START Recorded data

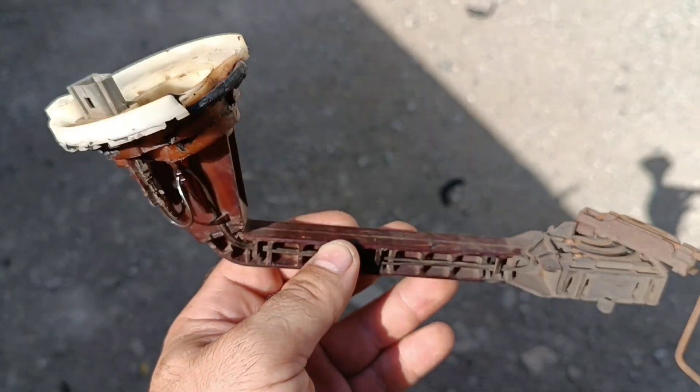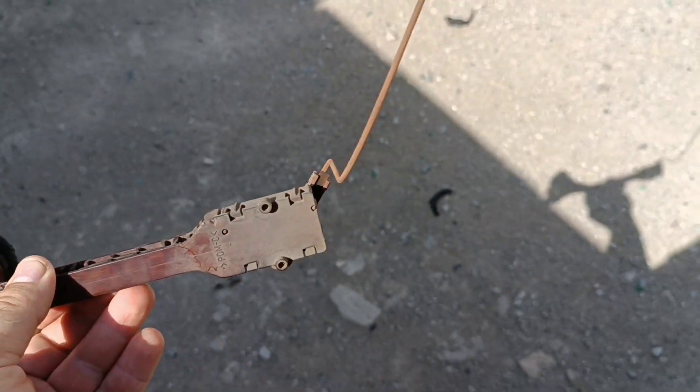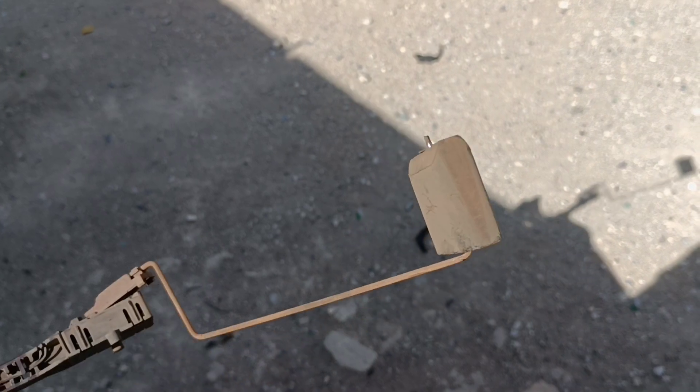Hello friends! This is a Mercedes fuel gauge that incorrectly shows the fuel level in the tank.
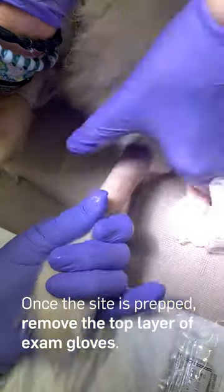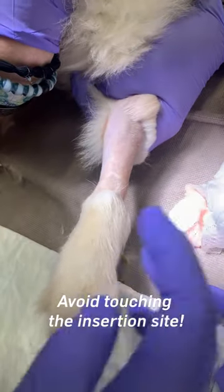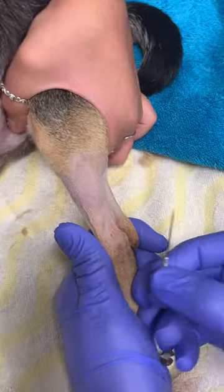Once the site has been aseptically prepped, adequately remove the top layer of exam gloves. Avoid touching the insertion site once it is thoroughly prepped, as this contaminates the freshly prepped site.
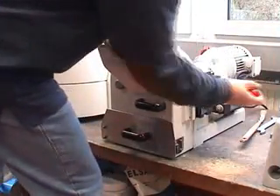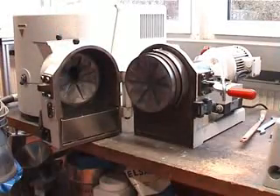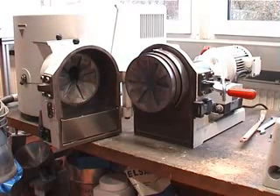When I open the mill, you can see the two discs. First of all, one fixed disc at this side and one rotating disc at the other side, connected to the motor.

END Recorded data

Would you retype all the lines shown above, exactly as written and without any picture?

Hello friends! This is a Mercedes fuel gauge that incorrectly shows the fuel level in the tank.
Once the site has been aseptically prepped, adequately remove the top layer of exam gloves. Avoid touching the insertion site once it is thoroughly prepped, as this contaminates the freshly prepped site.
When I open the mill, you can see the two discs. First of all, one fixed disc at this side and one rotating disc at the other side, connected to the motor.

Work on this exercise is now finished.